Given information →
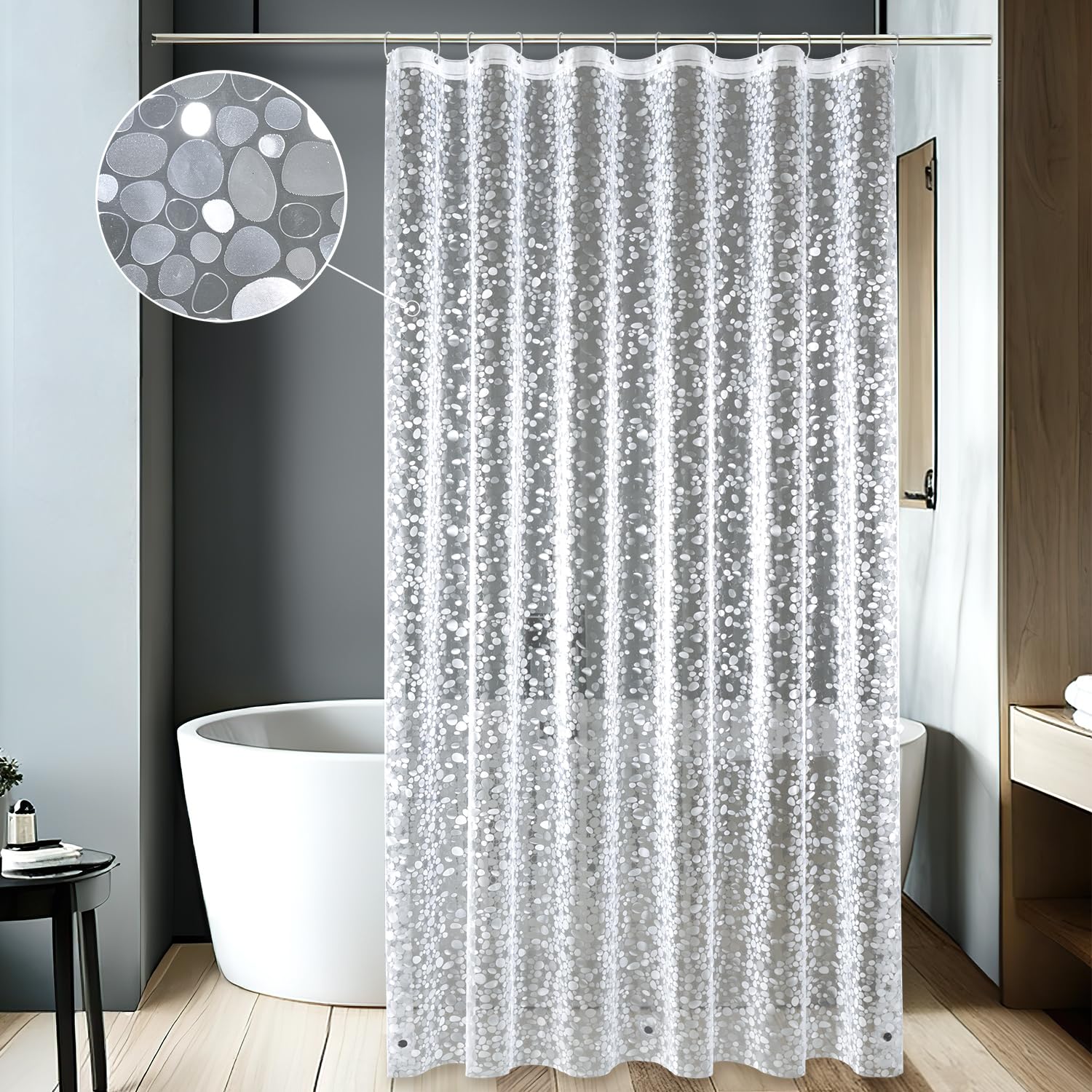 MIULEE Cortina de Ducha Antimoho 150x180 con 3 Imanes más Fuertes en la Parte Inferior, Transparente con Patrón de Guijarros 3D, Cortinas de Baño de Plástico Eva Impermeable para Bañera con 10 Anillas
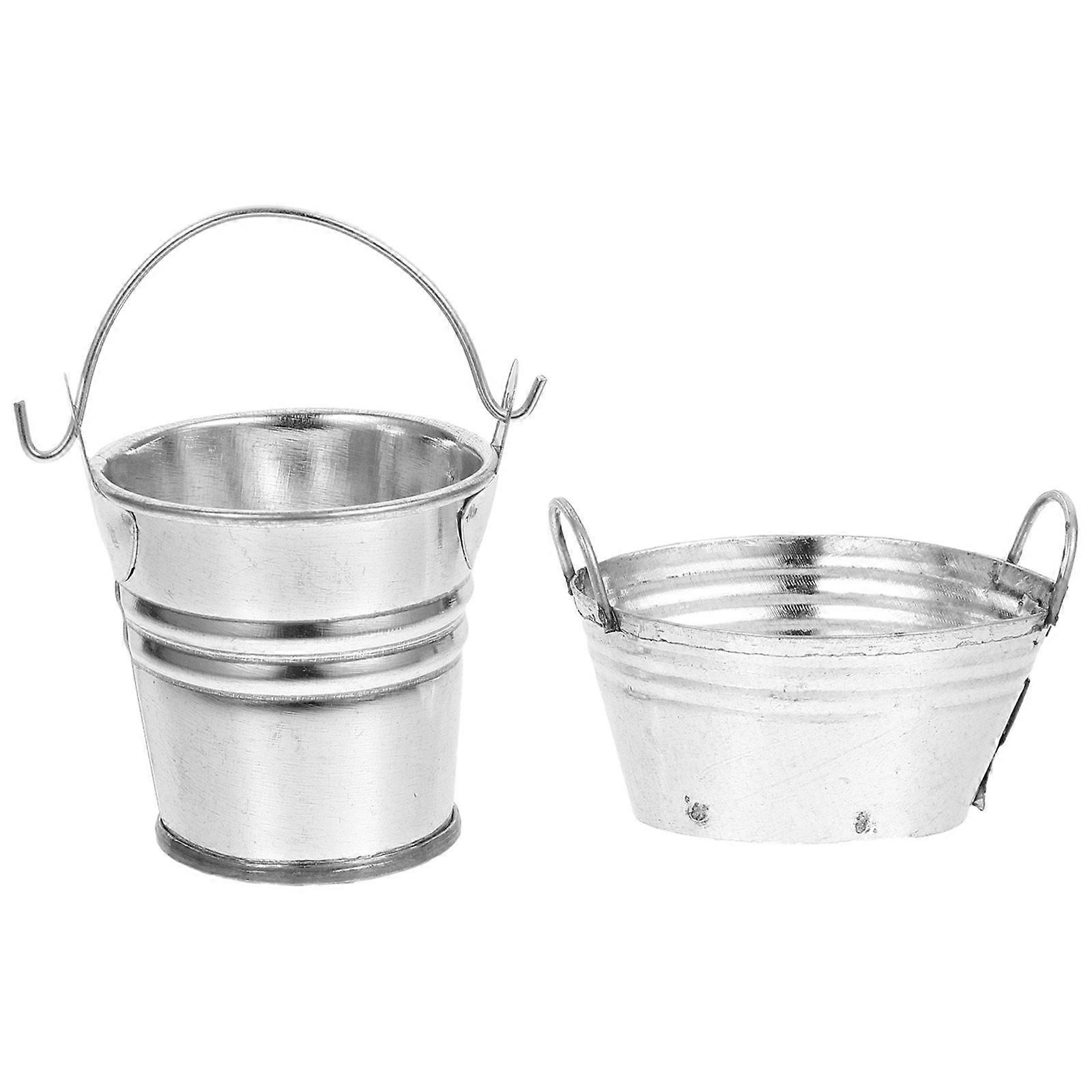 2 stücke Mini Metall Eimer mit Griffen Puppenhaus Mini Eimer Mini Wasser Metall Eimer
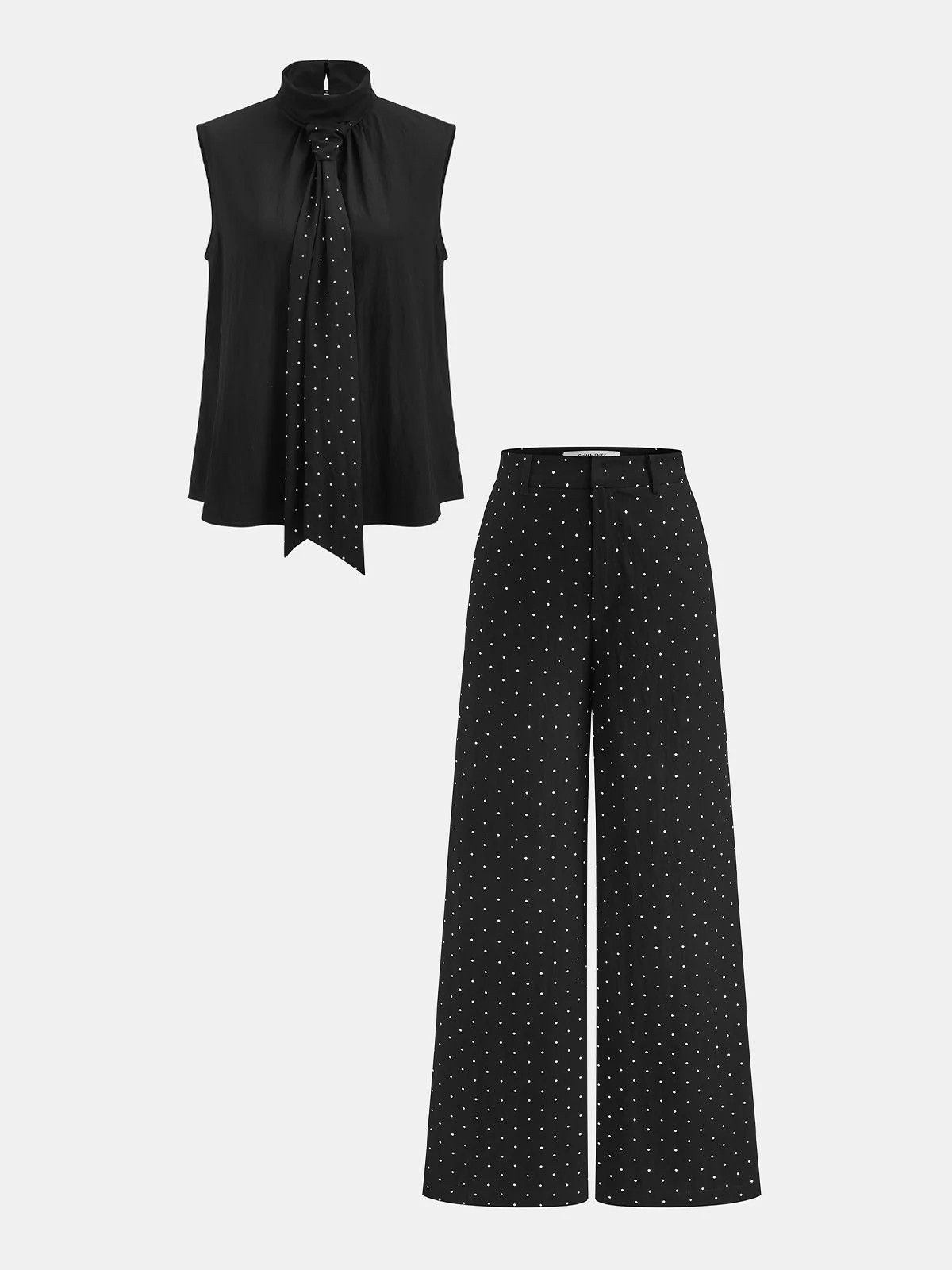 Polka Dot Tie Neck Top & Wide Leg Pants Set | Commense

Task requirements → Reproduce the material word for word. Skip every picture it holds.

Reply →
 MIULEE Cortina de Ducha Antimoho 150x180 con 3 Imanes más Fuertes en la Parte Inferior, Transparente con Patrón de Guijarros 3D, Cortinas de Baño de Plástico Eva Impermeable para Bañera con 10 Anillas
 2 stücke Mini Metall Eimer mit Griffen Puppenhaus Mini Eimer Mini Wasser Metall Eimer
 Polka Dot Tie Neck Top & Wide Leg Pants Set | Commense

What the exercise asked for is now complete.